I think that if I were going to have a stroke, a heart attack, or a nervous breakdown, it would have happened last week. That had to be one of the most stressful weeks that I, you, and anyone else who followed the news has lived through.
One question was on everyone's mind -- Would the United States Congress come to an agreement to raise the debt ceiling, or would they let the economic sky fall down on us average taxpaying citizens? I mention this not because you want to hear more opinions about our nation's politics, but because you work somewhere in the legal community, which means you work with other people. If last week didn't drive you crazy, congratulations. You must live on a higher mental plane than the rest of us.
As I write, it's about 100 degrees outside today. Stay out in the sun too long, and you could become dehydrated, sick, or delirious. I think of those old movies where someone is lost in the desert and sees this beautiful mirage. He runs to the oasis in his mind, bends down to scoop up a cool, refreshing handful of water, but ends up spitting sand out of his mouth.
One other image comes to mind. As a kid, I used to get a kick out of Charles Atlas muscleman ads in comic books. A skinny kid at the beach would get sand kicked in his face by a bully. Then the kid gets wise and buys the Charles Atlas muscle-building equipment so that he can stand up to the bully.

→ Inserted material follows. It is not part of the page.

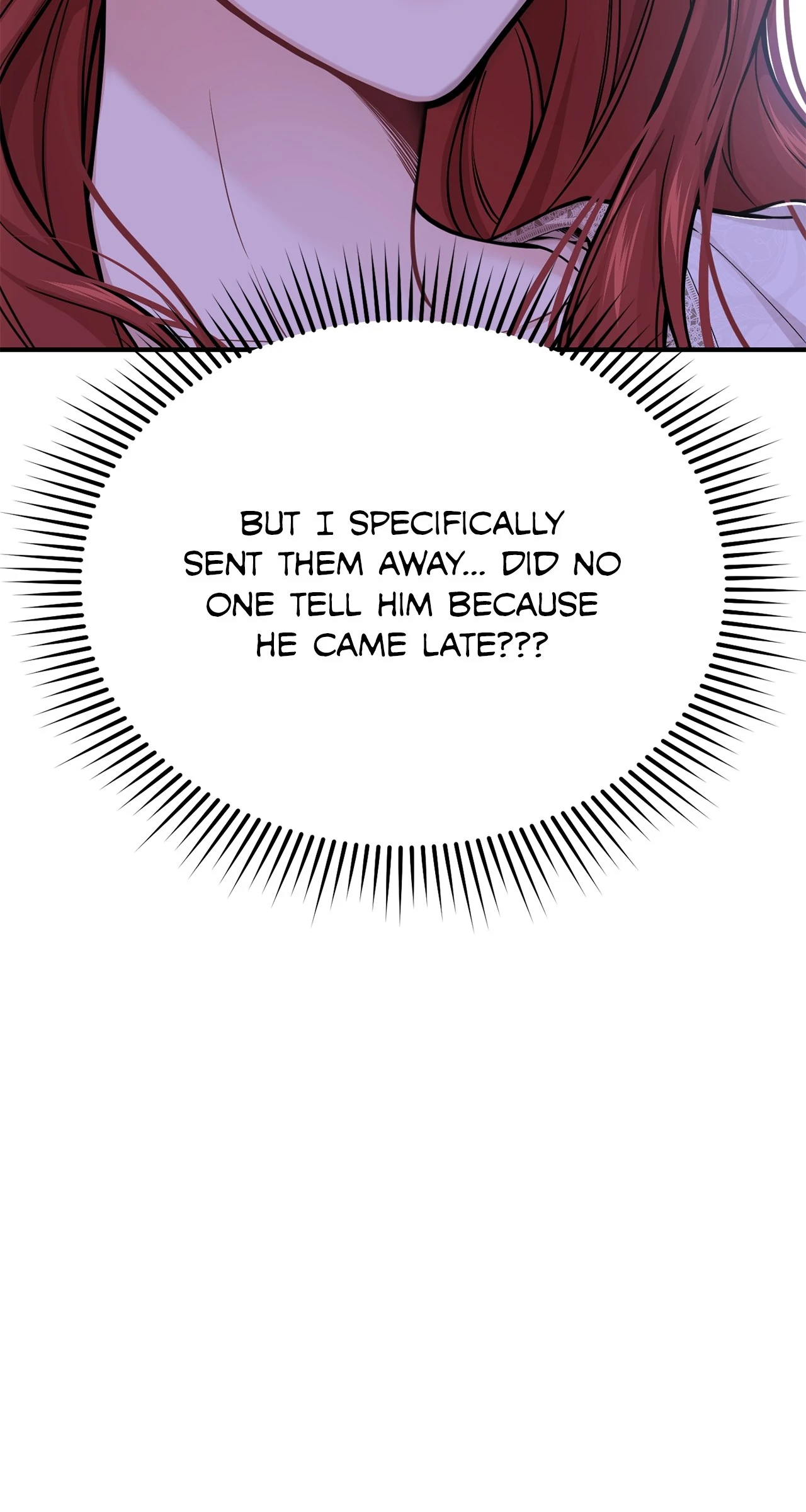 The Secret Bedroom of the Abandoned Princess [Official] - Chapter 63 manhwa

Last week was a real sand-spitter of a week. If your co-workers were crabby with you, let it go. If you weren't your usual self, forget about it. According to economists quoted in Kiplinger's Magazine, we are in for a rough spell of high unemployment and slow, slow growth. Pay isn't expected to increase in this environment, and monthly bills don't look like they're going to get smaller.
The thing to remember is that you are not powerless. This is a participatory democracy and a free society. You have a voice, a vote, and the ability to think for yourself. The next time you find yourself stressed out and bullied by the news -- economic or political -- remember that. It's not the people in Washington, D.C., who determine our fate. It's you and I, the voters, who determine the future.